The first thing it did was to send me looking for the context that BO uttered those words in,
easy to find on the internet.
The speech was to the UN General Assembly and it is the usual BO fare that makes one wonder who writes this crapola. The whole applicable quote is.
The future must not belong to those who slander the prophet of Islam. Yet to be credible, those who condemn that slander must also condemn the hate we see when the image of Jesus Christ is desecrated, churches are destroyed, or the Holocaust is denied.
My sense is that BO is intelligent, and fully understands the inanity of his remarks, but finds them to be effective in his "higher purpose" of an undefined secular future world utopia arrived at by indeterminate means. Heaven on earth with no religion too (John Lennon sort of)
The key problem with this vision is defined in the Bible "Man does not live by bread alone". Human kind is wired to require more meaning in our tenure in this mortal coil than "I was fed and entertained", or to put it in the Roman manner "bread and circuses".
Note that while I'm not going to cover it here, "I'm advancing" -- the "Star Trek philosophy" also holds no meaningful answer. It begs the question of "toward where or what?", and "that a way" is not enough to draw the human soul.
The idea "Muslims and Christians are one" juxtaposes the transcendent / spiritual with the corporeal / profane. "Humans are one", in their humanity, but it is the secular humanist that strives to make real that which as not been so since man first formed groups.
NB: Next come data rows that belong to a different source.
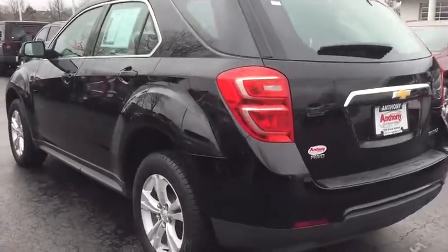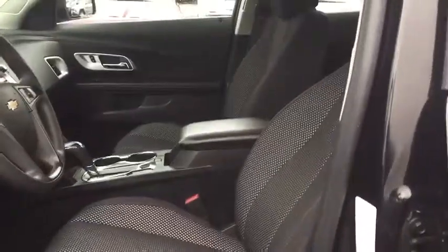Console, map lights, manual climate control, body color door handles. A vehicle like this doesn't come along every day. Come in and get it before someone else does.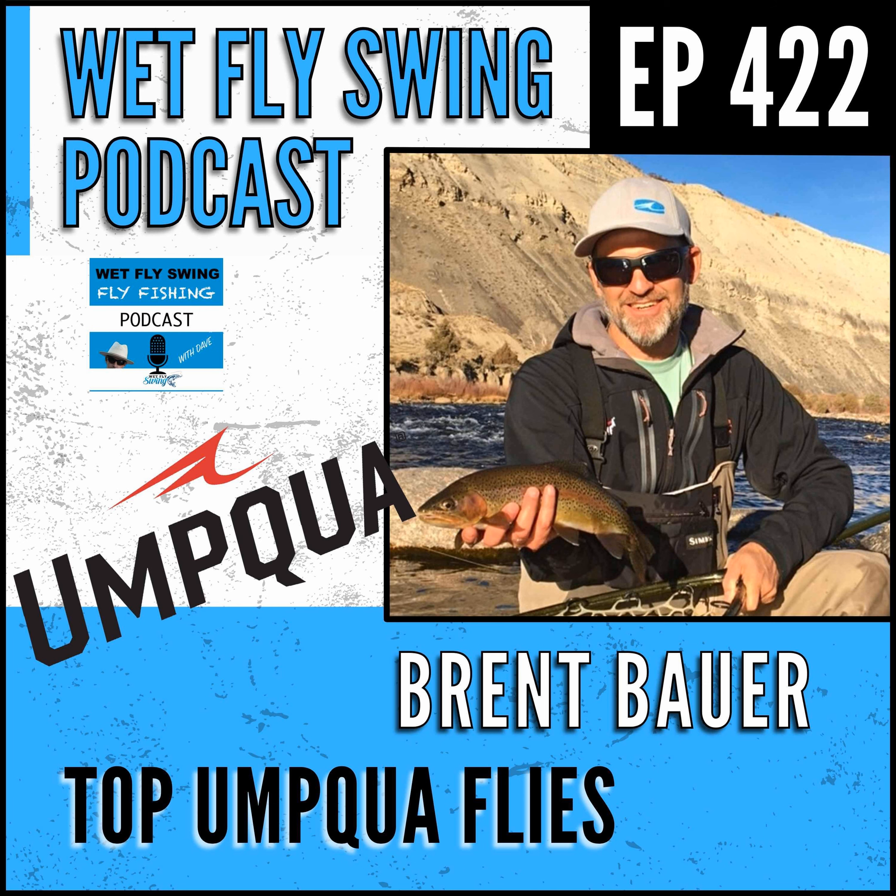Comparing the hippie stomper to the Missing Link - the Missing Link is a much more match-the-hatch style of fly. The hippie stomper is an attractor - it's what you tie on when you don't know what's going on or there's no hatch. If there's a hatch coming off, I'd match it with a Missing Link. Missing Link is a fantastic fly. My preferred type of fishing is freestone dry fly fishing, not too technical.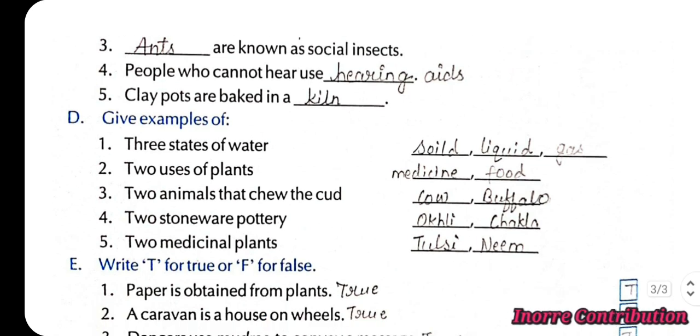Give examples of: 1st, three states of water — solid, liquid, gas. 2nd, two uses of plants — for medicine and food. 3rd, two animals that chew the cud — cow, buffalo. 4th, stoneware pot items — okhli, chakla. 5th, two medicinal plants — tulsi, neem.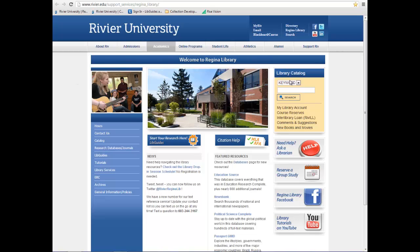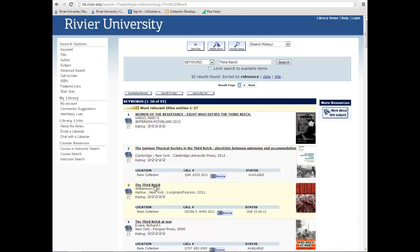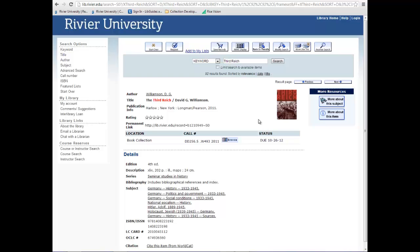If you find a book that is crucial to your paper, you can put a hold on it. To do this, first click on the title of the book, then click on the Request button.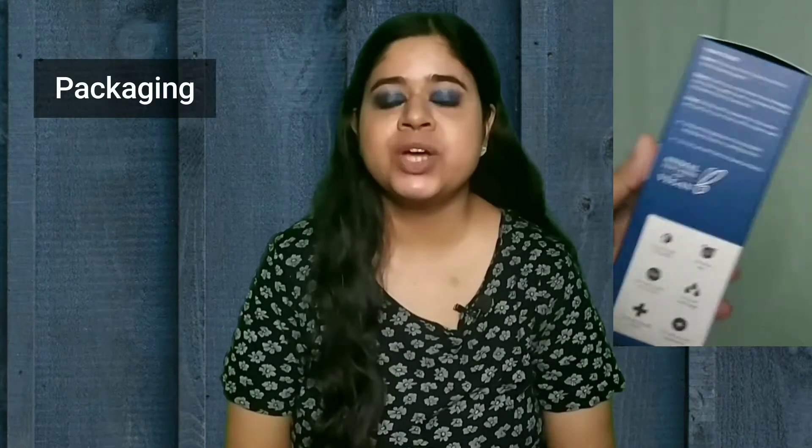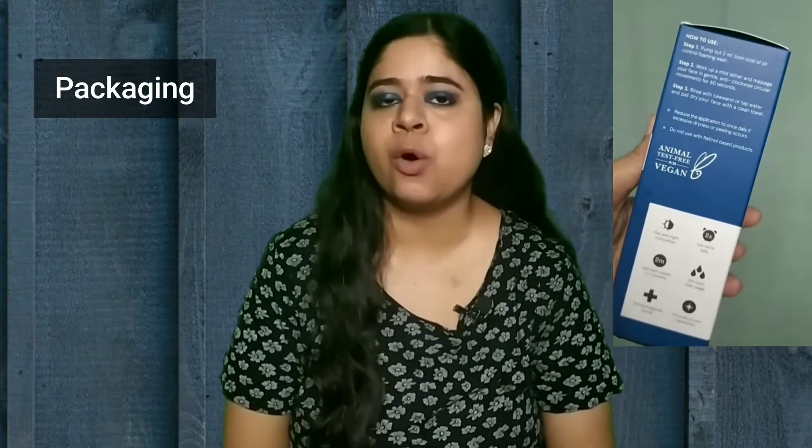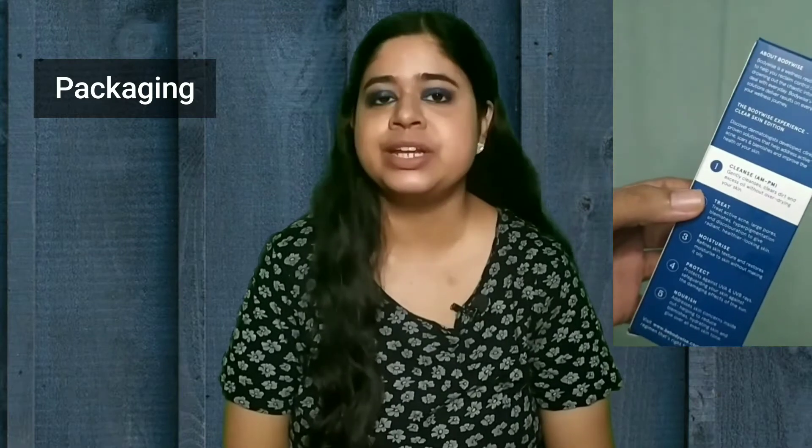The price of this is 349 rupees and it gives you 120 ml. This product comes in a box container which has all the important details listed on it, including the ingredient list. The product comes in the usual transparent plastic pump bottle, and as it is a foaming face wash it dispenses out in the form of a foam with moderate lather.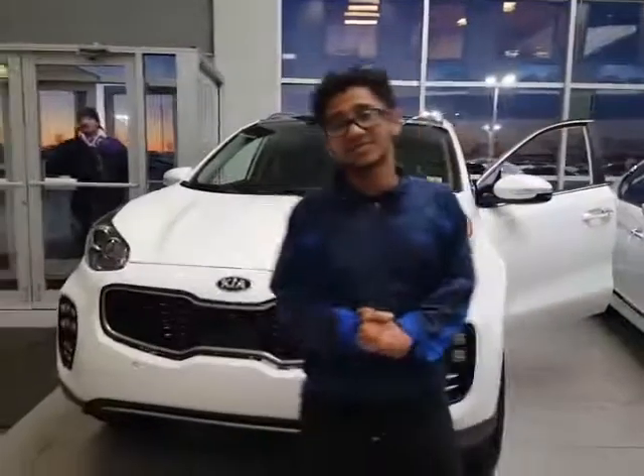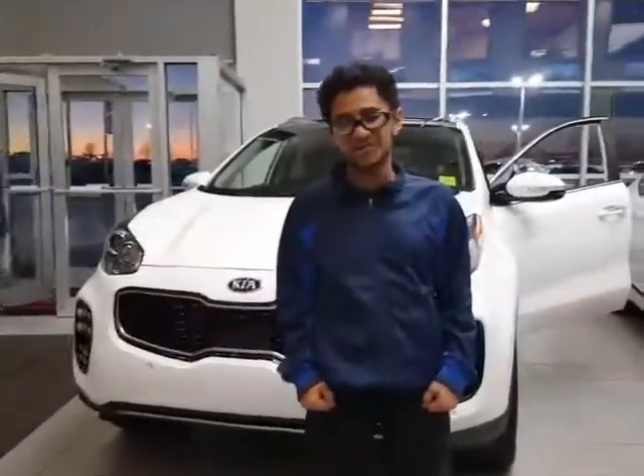Give another beautiful look of this vehicle. Crystal, thank you so much for watching this video. Again, this is Sal from Sherwood Kia. I look forward to hearing from you. Thank you.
The humans that made it through the last 500K years or so are those that put SOMETHING at a higher position in their minds than their day to day existence -- idol worship, animal worship, conquest, etc, and eventually Yahweh, Christ, Muhammed, etc.
A Muslim can NEVER say "No man cometh unto the Father but by Me", nor can a Christian say "There is no god but Allah, and Muhammad is his prophet". They are both human, but in what gives their life meaning beyond food and entertainment, they are explicitly NOT "one" in religion, which they hold ABOVE their humanity!
It is quite possible that the question of the 21st century is "Is it possible for Muslims to allow Christians and Jews to exist peacefully without attacking them?" The 20th century -- and really the last 500 years, have shown that the Christian / Jewish answer to that question is definitively "yes with proof of history".
The other likely question that may be answered this century or later is "Can secular humanists allow Christians and Muslims to worship and live peacefully in their states and around the world without overt harassment?" Historically and currently -- USSR, Nazi Germany, China, increasingly in the US and Europe, the answer is "NO!!!".
Reagan was naturally right -- the future always goes to the brave, especially those brave enough to have enough children so their viewpoint is around to see it -- yet another area that the secular humanist view fails. If the purpose of your life is to "have a good time", children don't make that cut in any advanced society, so such views are self-limiting on the multi-generational scale.